# Best Protein for money value on the market?



## matt.s (Feb 17, 2014)

Hi Guys,

Just wondering what proteins are out there that are value for money for what you get, at the minute im taking "total protein" from myprotein.co.uk, its quite expensive, i dont mind paying fior it but was just wondering if there are any other proteins out there that are just as good for less money.

(I currently pay £65 for 5Kg)


----------



## iamclarky (Jun 27, 2013)

I've been using maxi raw whey with the code fitwisechick makes it work out under £30 for 2.5kg


----------



## Bora (Dec 27, 2011)

@MuscleFood ..... chicken


----------



## Gym-pig (Jun 25, 2008)

Since VAT was added I use very little Protein powder .

I tend to spend £40 on 10 KG of chicken rather that a powder

I used to use it as it was cheaper than food , now I use mainly food


----------



## MuscleFood (Jul 27, 2012)

bigforbday said:


> @MuscleFood ..... chicken


i like. i like lots


----------



## DanishM (Dec 15, 2013)

Just normal whey concentrate. Impact whey from Myprotein.


----------



## Pictor (Jan 10, 2011)

Unflavoured whey protein concentrate from either BulkPowders or Myprotein


----------



## matt.s (Feb 17, 2014)

Thanks


----------



## Prince Adam (Mar 17, 2012)

Unflavoured 5kg my protein wpc80.

Even tho VAT is added it's still the cheapest source of protein.


----------



## Chelsea (Sep 19, 2009)

matt.s said:


> Hi Guys,
> 
> Just wondering what proteins are out there that are value for money for what you get, at the minute im taking "total protein" from myprotein.co.uk, its quite expensive, i dont mind paying fior it but was just wondering if there are any other proteins out there that are just as good for less money.
> 
> (I currently pay £65 for 5Kg)


Have a look at our range mate, awesome flavours and premium quality with no proprietary blends:

http://gonutrition.com/cheapest-whey-protein

Here's the protein:

4.5kg for £51.47

http://gonutrition.com/go-whey-protein-80


----------



## andyhuggins (Nov 21, 2008)

Offal.


----------



## platyphylla (Feb 17, 2014)

Peanuts.


----------



## Edinburgh (Sep 2, 2012)

It's Friday,

usually most of the sponsors offer up a discount/code today

also waiting (in hope)


----------



## tommyc2k7 (Jun 7, 2013)

www.oneon.co.uk/store/products,whey-max-diet_81.htm (banana flavour)

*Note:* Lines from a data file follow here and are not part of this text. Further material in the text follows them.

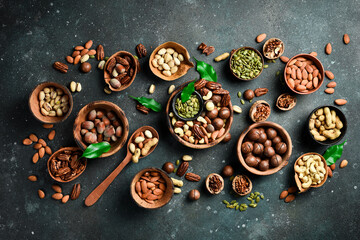 peeled and shelled nuts in wooden bowls. Top view. On a dark background.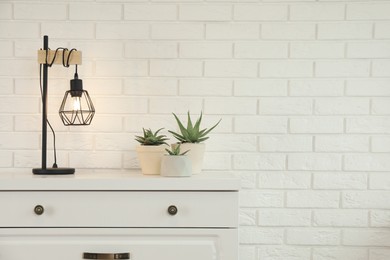 Modern chest of drawers with houseplants and lamp near white brick wall. Space for text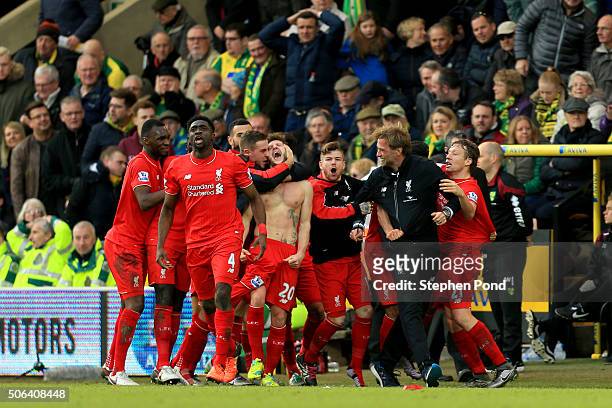 Adam Lallana of Liverpool ceelbrates scoring his team's fifth goal with his team mates and manager Jurgen Klopp during the Barclays Premier League...
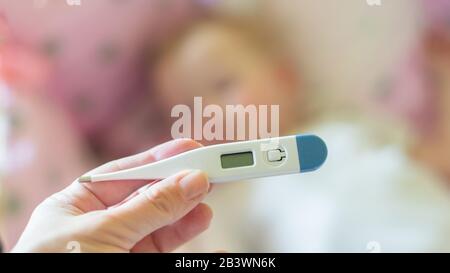 Nahmedizinisches Thermometer, Eltern messen die Temperatur des kranken Kindes, 1 Jahre altes Kleinkind, das hohes Fieber im Bett liegt. Fieber im Kind Stockfoto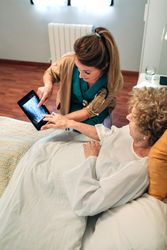 Female doctor showing an x-ray on the tablet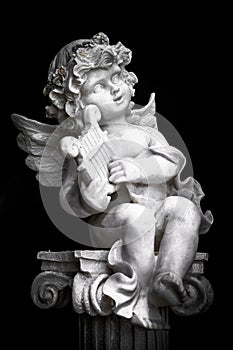 Statue of Little Cupid playing harp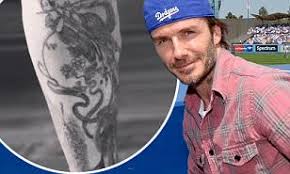 The sweet tribute is one of five inkings he has dedicated to nicola with the. David Beckham Reveals New Shin Tattoo Daily Mail Online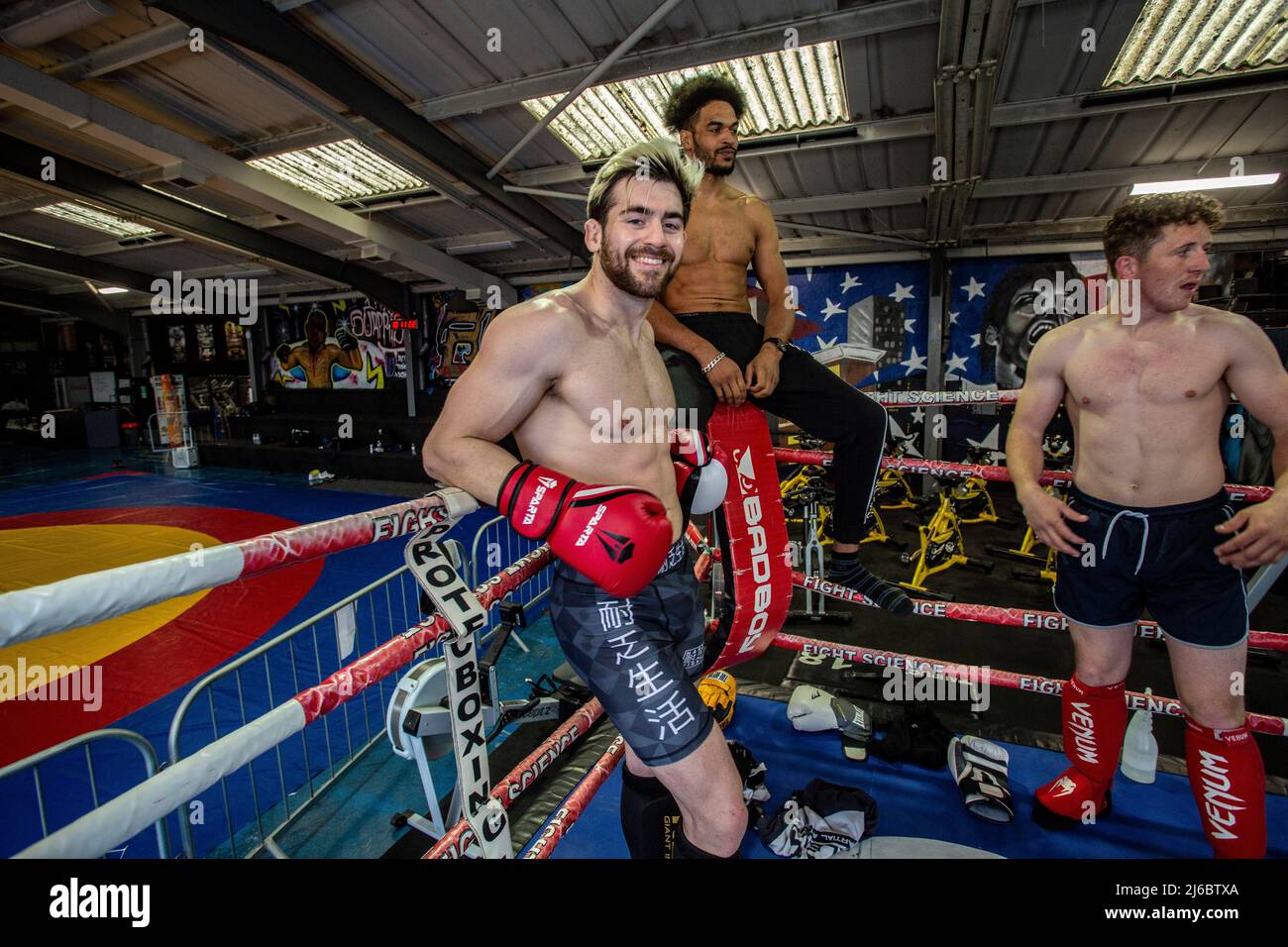 A group of young male Thai Boxing students posing at boxing rig at local gym in West Yorkshire, England. Stock Photo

I just paid £53 for 9kg, there's a voucher on here somewhere as well


----------



## glasgow_mm (Apr 13, 2009)

5kg flavoured my protein impact whey for 50 quid code impact50

best offer ive had via email today sorry any other suppliers have not used all use yet so only have select few emails with offers my protein was the best so far


----------



## Kazza61 (Jun 14, 2008)

Check out this thread:

http://www.uk-muscle.co.uk/protein/262984-908g-whey-max-diet-6-50-a.html

I just had 5 x 908g bags of diet whey delivered for £27! (Short dated to July but will be good for at least 6 months after that).


----------



## Edinburgh (Sep 2, 2012)

tommyc2k7 said:


> www.oneon.co.uk/store/products,whey-max-diet_81.htm (banana flavour)
> 
> I just paid £53 for 9kg, there's a voucher on here somewhere as well


pass me the code please if you find it mate


----------



## tommyc2k7 (Jun 7, 2013)

Edinburgh said:


> pass me the code please if you find it mate


SPECIAL2014 for 20% off

http://www.uk-muscle.co.uk/protein/262984-908g-whey-max-diet-6-50-a.html


----------



## FelonE1 (Dec 23, 2013)

I use Matrix Whey £40 for 5kg 111 servings


----------



## stevenmcom (Jan 3, 2014)

Check out Protein Works, good deals there for UK. Was setup by some ex staff of My Protein


----------



## Damo69 (Mar 2, 2014)

Olympus health - 5kg for £32.


----------



## Trev182 (Sep 24, 2013)

Musclefood everytime for real food.

Myprotein for whey isolate


----------



## HJC1972 (Aug 29, 2013)

tommyc2k7 said:


> www.oneon.co.uk/store/products,whey-max-diet_81.htm (banana flavour)
> 
> I just paid £53 for 9kg, there's a voucher on here somewhere as well


Surely some mistake there? 9 KG for £53.00 would make it by far the cheapest whey available. Is this a blend or summink?


----------



## tommyc2k7 (Jun 7, 2013)

HJC1972 said:


> Surely some mistake there? 9 KG for £53.00 would make it by far the cheapest whey available. Is this a blend or summink?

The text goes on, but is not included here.